▶ [Exercise goal]
Of the lines below, write out exactly those from the line with "Peut inclure: Une" through the line with "Vietnamese children fleeing a napalm attack", both included, and skip the rest.

▶ [Data records]
══════════

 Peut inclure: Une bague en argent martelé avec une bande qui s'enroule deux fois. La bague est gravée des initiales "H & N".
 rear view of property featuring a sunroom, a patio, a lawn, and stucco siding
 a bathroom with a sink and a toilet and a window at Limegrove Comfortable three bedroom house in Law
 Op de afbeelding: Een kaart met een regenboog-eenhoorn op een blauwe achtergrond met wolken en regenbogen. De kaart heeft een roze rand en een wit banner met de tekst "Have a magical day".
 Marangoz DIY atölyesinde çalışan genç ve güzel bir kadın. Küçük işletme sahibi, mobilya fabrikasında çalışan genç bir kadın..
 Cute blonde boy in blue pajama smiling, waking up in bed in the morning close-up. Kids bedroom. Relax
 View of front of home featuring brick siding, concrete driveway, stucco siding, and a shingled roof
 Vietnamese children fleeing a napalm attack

══════════

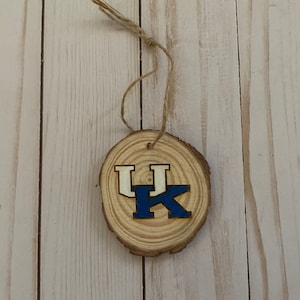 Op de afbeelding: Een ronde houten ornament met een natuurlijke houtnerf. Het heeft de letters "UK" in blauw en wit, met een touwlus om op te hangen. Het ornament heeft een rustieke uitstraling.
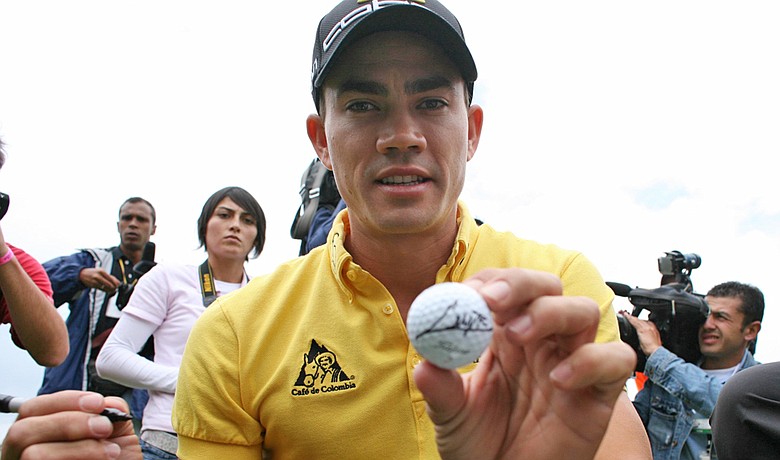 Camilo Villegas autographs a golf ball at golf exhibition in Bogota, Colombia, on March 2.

══════════

▶ [Task answer]
 Peut inclure: Une bague en argent martelé avec une bande qui s'enroule deux fois. La bague est gravée des initiales "H & N".
 rear view of property featuring a sunroom, a patio, a lawn, and stucco siding
 a bathroom with a sink and a toilet and a window at Limegrove Comfortable three bedroom house in Law
 Op de afbeelding: Een kaart met een regenboog-eenhoorn op een blauwe achtergrond met wolken en regenbogen. De kaart heeft een roze rand en een wit banner met de tekst "Have a magical day".
 Marangoz DIY atölyesinde çalışan genç ve güzel bir kadın. Küçük işletme sahibi, mobilya fabrikasında çalışan genç bir kadın..
 Cute blonde boy in blue pajama smiling, waking up in bed in the morning close-up. Kids bedroom. Relax
 View of front of home featuring brick siding, concrete driveway, stucco siding, and a shingled roof
 Vietnamese children fleeing a napalm attack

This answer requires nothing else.